[TASK INSTRUCTIONS]
From the line that contains "Wooden figure sit" down to the final line below, please repeat each line exactly and nothing more, with no pictures.

[RECORDED INFORMATION]

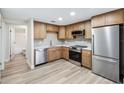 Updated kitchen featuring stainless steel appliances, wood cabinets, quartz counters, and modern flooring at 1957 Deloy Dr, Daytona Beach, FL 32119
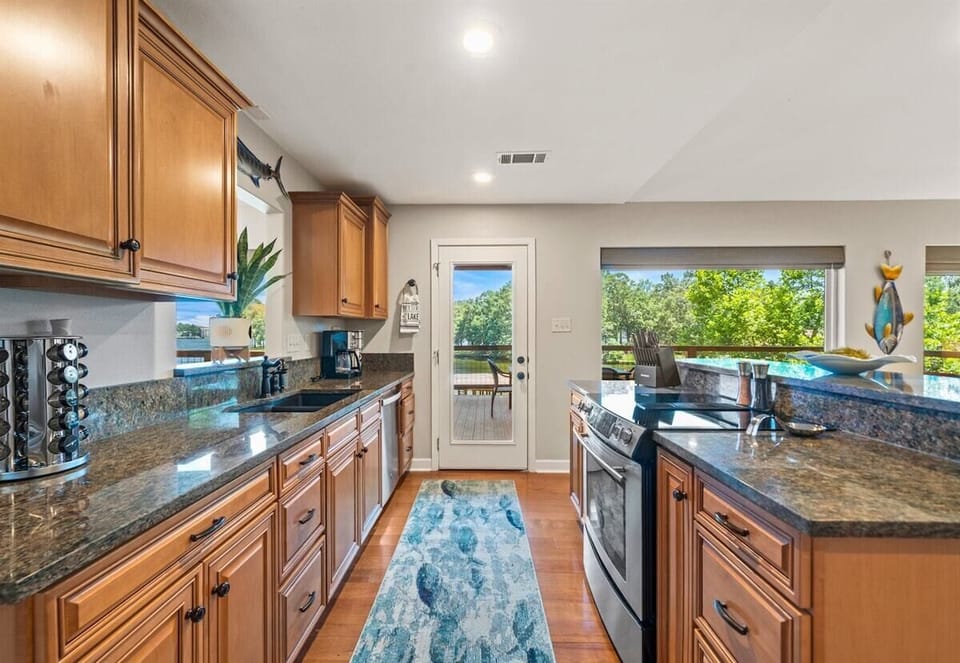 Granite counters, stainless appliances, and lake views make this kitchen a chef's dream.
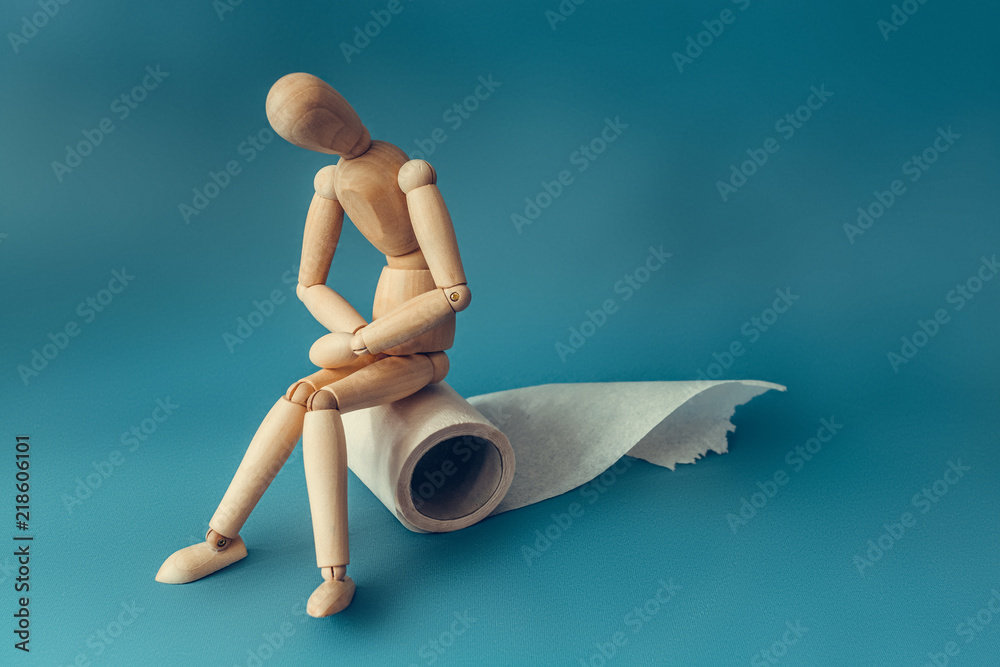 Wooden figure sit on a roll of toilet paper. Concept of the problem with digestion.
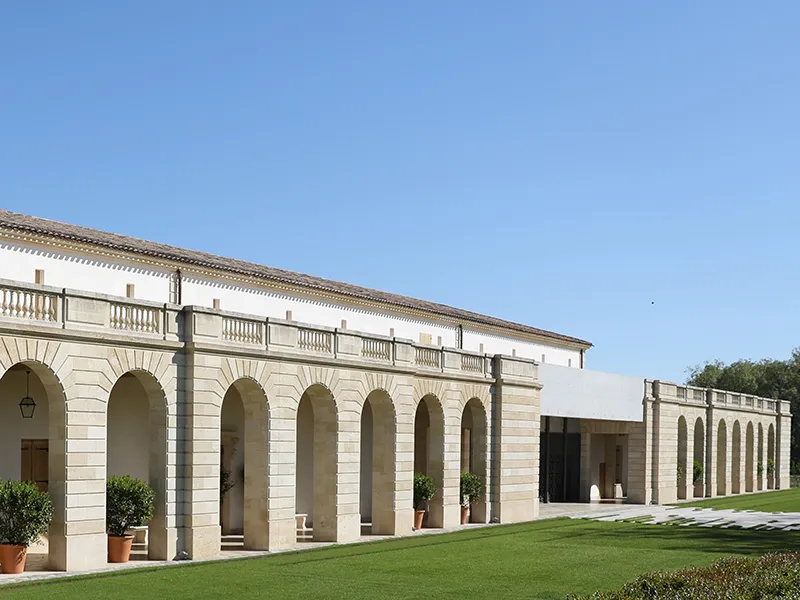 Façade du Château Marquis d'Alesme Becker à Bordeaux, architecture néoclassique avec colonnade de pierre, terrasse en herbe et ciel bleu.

[REPLY TO THE TASK]
 Wooden figure sit on a roll of toilet paper. Concept of the problem with digestion.
 Façade du Château Marquis d'Alesme Becker à Bordeaux, architecture néoclassique avec colonnade de pierre, terrasse en herbe et ciel bleu.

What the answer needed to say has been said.